【台湾のジャズライブ】羅妍婷&林華勁&非/密閉空間
これはヴォーカル&ギター×2&サックスで構成された、特別なライブです。初めてのコラボレーションで、一体どんな音楽になるのか興味津々で出かけたところ、想像の斜め上をいくパフォーマンスを見せてくれました。
非/密閉空間
このプロジェクトのコアは非/密閉空間の2人、謝明諺と鄭各均です。2人でのパフォーマンスを聴きに行ったこともあります。鄭各均がギターの他にコンピューターを操って、アンビエント音楽のような音を出したり、ビジュアルエフェクトを駆使したバックグラウンドの環境を作ります。そんな中で、謝明諺のサックスが自由自在に暴れ回るといった構成で演奏が繰り広げられます。

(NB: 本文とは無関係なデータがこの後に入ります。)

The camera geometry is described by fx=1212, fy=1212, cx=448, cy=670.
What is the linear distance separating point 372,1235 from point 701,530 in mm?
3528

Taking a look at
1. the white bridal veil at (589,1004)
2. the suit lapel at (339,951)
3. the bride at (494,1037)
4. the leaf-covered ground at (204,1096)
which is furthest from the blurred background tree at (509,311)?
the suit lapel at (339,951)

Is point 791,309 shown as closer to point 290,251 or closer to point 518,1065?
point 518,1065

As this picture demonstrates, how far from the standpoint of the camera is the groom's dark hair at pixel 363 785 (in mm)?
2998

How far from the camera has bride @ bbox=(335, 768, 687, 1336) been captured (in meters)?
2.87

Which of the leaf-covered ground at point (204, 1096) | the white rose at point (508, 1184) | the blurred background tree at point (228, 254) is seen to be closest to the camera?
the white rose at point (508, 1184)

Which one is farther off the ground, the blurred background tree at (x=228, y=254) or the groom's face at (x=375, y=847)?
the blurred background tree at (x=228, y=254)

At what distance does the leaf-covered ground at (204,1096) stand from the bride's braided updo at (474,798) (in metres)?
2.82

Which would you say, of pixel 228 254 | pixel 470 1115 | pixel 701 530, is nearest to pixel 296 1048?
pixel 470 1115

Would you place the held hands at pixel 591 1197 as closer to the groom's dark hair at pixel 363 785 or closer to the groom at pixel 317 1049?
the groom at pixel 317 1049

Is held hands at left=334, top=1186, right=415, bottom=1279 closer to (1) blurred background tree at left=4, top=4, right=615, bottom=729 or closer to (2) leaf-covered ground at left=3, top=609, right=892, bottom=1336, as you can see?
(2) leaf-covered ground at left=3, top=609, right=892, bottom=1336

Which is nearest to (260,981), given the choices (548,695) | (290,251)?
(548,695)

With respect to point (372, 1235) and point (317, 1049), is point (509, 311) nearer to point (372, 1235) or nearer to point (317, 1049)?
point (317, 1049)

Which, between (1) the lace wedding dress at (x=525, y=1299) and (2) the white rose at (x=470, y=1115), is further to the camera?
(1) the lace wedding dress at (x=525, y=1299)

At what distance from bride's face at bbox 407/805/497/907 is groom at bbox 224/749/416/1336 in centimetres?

テーマはありますが、全体としては即興性の高い、その場のイメージから発せられるフリージャズといった趣の演奏です。
羅妍婷と林華勁
このプロジェクトに羅妍婷と林華勁が加わるというのは前代未聞です。
林華勁は爵症Tri-polar Syndromeというアルバムで独自のリズム感とハーモニーで、非常にスタイリッシュな音楽を演奏しています。

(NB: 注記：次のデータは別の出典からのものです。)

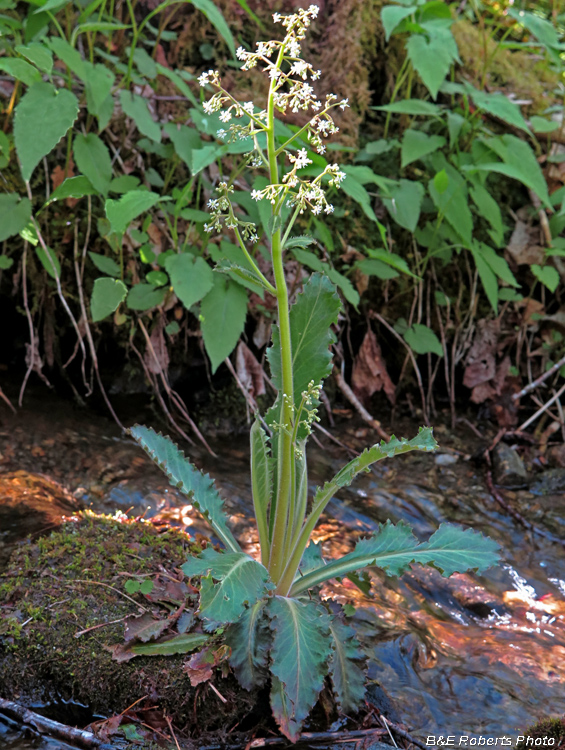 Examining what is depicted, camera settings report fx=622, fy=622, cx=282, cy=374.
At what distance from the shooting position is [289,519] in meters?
1.85

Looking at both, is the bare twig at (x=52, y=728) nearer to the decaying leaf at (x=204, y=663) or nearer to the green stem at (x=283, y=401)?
the decaying leaf at (x=204, y=663)

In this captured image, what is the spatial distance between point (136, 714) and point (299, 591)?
0.53 m

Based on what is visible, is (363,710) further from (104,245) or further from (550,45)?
(550,45)

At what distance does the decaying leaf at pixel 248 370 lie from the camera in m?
3.28

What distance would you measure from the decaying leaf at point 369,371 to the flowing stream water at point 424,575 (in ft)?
1.51

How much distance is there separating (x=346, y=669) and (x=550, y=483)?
222cm

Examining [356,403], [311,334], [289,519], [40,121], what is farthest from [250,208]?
[289,519]

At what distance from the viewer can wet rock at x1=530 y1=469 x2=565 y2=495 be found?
11.1 feet

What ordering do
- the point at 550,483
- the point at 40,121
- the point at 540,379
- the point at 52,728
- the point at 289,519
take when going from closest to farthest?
the point at 52,728 < the point at 289,519 < the point at 40,121 < the point at 550,483 < the point at 540,379

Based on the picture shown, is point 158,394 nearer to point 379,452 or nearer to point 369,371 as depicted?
point 369,371

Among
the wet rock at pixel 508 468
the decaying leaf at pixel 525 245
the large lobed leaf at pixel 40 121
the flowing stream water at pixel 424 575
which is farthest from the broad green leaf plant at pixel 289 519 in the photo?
the decaying leaf at pixel 525 245

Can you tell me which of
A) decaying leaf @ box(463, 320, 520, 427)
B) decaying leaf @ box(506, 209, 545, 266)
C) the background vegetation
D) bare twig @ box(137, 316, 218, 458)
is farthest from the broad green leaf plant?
decaying leaf @ box(506, 209, 545, 266)

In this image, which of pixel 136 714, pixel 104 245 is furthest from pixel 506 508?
pixel 104 245

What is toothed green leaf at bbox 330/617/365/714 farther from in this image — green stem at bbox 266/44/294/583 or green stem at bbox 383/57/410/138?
green stem at bbox 383/57/410/138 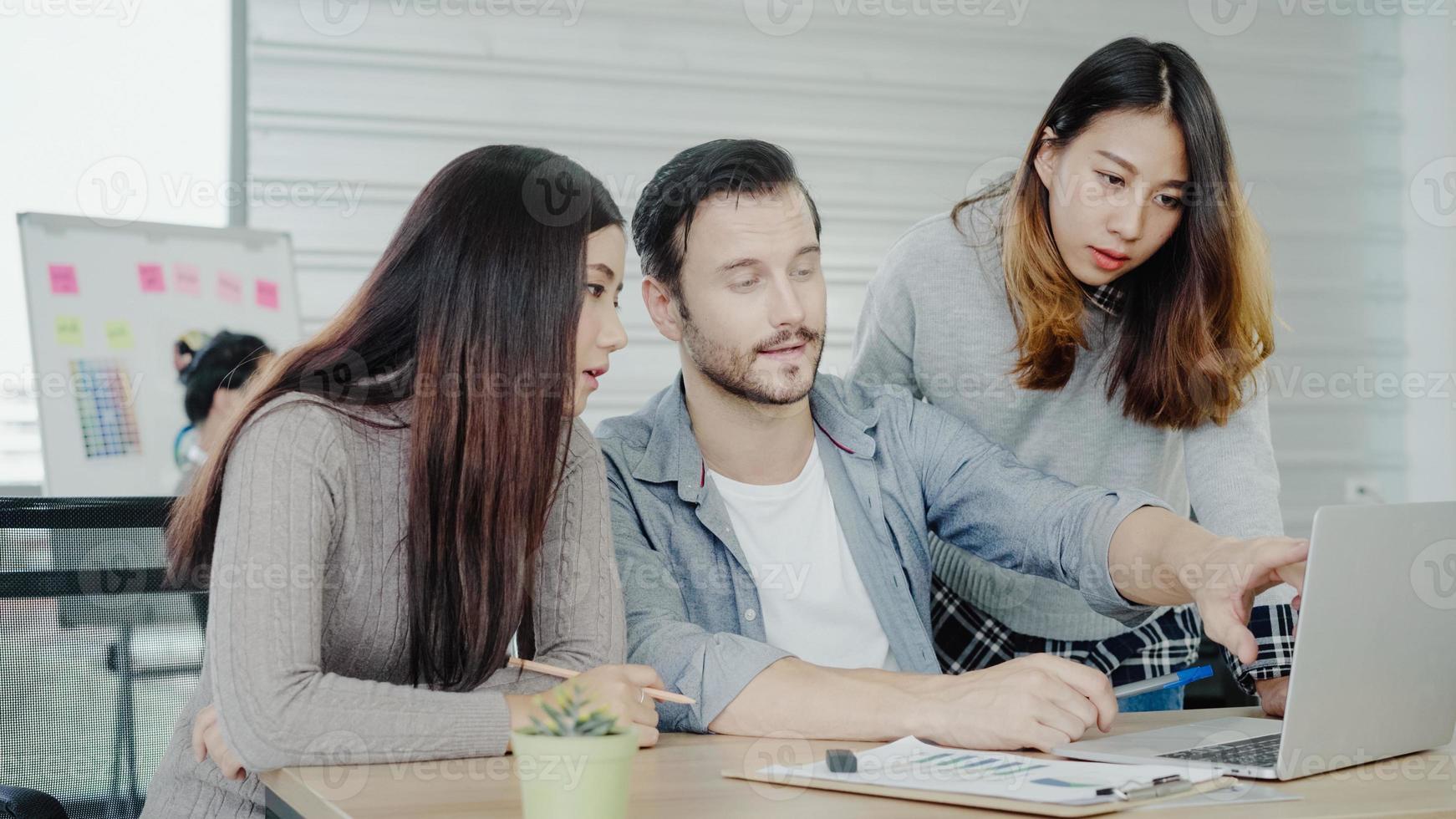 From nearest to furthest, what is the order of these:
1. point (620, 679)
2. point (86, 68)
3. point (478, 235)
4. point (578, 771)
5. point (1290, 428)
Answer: point (578, 771)
point (620, 679)
point (478, 235)
point (86, 68)
point (1290, 428)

羅妍婷も葉片之上Epiphyllumというオリジリティーに溢れる作品で金音獎を2年連続で受賞し、台湾のジャズ界に新風を吹き込んでいる新鋭です。
女巫店
このような4人がコラボレーションしたら一体何が起こるのか、全く想像がつかない。そんなライブは見逃すわけにはいかないと、女巫店に向かいました。
この女巫店はミュージシャンのオリジナリティに重きを置くライブハウスで、出演するにはそれが条件になっているそうです。とは言え、こんな何が起こるかわからないプログラムというのはこのお店でも珍しいのではないでしょうか。何しろ、本人たち自身が何が起こるか自分達で分からないと言っていたのです。
羅妍婷&林華勁&非/密閉空間
初めは羅妍婷が1人ステージに立ち、ループマシンのベースパターンを鳴らし始めました。そのリズムに合わせ、彼女が音を重ねていきます。低音のパート、スキャット、それにアドリブのフレーズと音が重なっていきます。

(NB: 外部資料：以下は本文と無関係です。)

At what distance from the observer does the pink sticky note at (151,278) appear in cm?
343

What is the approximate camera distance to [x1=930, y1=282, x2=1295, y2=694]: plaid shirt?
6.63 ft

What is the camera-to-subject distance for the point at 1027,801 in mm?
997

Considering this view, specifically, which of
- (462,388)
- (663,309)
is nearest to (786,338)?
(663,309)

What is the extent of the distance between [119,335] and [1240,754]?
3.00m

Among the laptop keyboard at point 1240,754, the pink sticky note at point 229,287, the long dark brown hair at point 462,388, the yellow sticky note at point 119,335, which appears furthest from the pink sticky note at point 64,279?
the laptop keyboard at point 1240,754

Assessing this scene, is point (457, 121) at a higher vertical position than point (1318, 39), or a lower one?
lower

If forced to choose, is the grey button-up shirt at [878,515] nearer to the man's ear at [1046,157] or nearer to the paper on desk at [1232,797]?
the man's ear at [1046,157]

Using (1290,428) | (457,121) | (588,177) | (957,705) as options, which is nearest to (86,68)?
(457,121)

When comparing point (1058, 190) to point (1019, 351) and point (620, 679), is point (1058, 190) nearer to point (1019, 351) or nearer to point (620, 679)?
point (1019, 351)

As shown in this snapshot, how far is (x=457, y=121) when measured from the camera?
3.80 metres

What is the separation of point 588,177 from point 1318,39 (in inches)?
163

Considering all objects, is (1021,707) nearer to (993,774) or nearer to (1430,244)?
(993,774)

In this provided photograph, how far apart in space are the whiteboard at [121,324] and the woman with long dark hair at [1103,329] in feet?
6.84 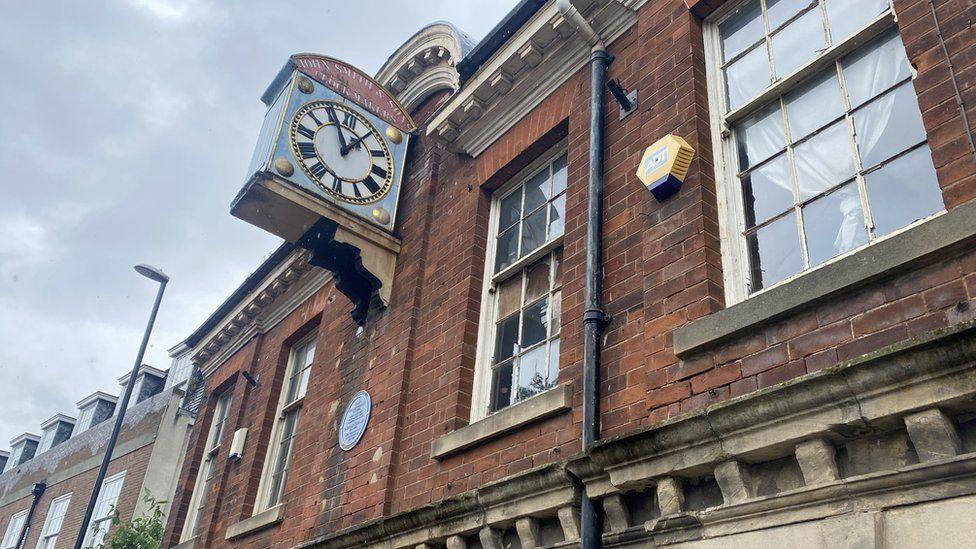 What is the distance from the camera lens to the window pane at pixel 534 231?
7266 millimetres

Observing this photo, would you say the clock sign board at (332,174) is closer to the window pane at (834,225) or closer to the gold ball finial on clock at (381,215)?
the gold ball finial on clock at (381,215)

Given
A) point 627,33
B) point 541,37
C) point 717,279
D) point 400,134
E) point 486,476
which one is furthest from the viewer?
point 400,134

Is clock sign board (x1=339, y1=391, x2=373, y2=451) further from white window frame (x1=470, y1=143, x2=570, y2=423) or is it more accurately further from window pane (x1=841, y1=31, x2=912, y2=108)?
window pane (x1=841, y1=31, x2=912, y2=108)

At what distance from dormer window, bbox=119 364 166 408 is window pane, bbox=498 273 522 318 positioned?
784 inches

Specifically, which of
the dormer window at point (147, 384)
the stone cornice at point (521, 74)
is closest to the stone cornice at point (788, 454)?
the stone cornice at point (521, 74)

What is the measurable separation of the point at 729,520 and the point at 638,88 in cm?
360

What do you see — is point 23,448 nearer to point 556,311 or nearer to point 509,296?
point 509,296

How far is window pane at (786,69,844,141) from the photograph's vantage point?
4.91 m

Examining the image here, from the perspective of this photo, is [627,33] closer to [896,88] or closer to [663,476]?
[896,88]

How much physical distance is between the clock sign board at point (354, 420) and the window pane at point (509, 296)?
1.88 m

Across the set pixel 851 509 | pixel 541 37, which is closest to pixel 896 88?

このループマシンを使った演奏というのは、ギタリストが伴奏を録音して、その上にアドリブを加えるという形で見たことはありますが、このような多重録音のようなことまでできるとは初めて知りました。
また、これを一人で即興で行う羅妍婷には、まったく驚きました。8小節のパターンを繰り返すということなんでしょうけど、それを破綻なく即興で作り上げるのは並大抵のことではありません。
この一人重唱をもう一曲行った後、ギタリスト林華勁が同じようにループマシンを使った一人重奏を行いました。ギタリストの場合、リズムを機械に任せるのではなく、全て自分で作り上げていました。ギターの場合エフェクターを多用に使うことができます。複数のエフェクターの演奏を組み合わせて、彼も一人きりで独自の世界を組み立てていきました。
この後、非/密閉空間の二人を組み合わせて羅妍婷が、突拍子もないゲームを始めました。コンピューターグラフィックで多角形と色を提示して、それに沿って即興演奏を行うというのです。ここで多角形は拍子を、色は情感を示すとのこと。色と情感の関係は下記の通りです。形状には円形もあり、これはフリーの拍子になるそうです。
赤:Aggressive/青緑:Cheerful/黄:冷静/紫:悲しみ
このルールで即興演奏を12分にわたって繰り広げました。日本で全くルールのないフリージャズというのは聞きたことがありますが、このような縛りを作ってアドリブで演奏するというのはなかなか面白いアイデアです。しかしそれを演奏できるミュージシャンも限られているのではないでしょうか。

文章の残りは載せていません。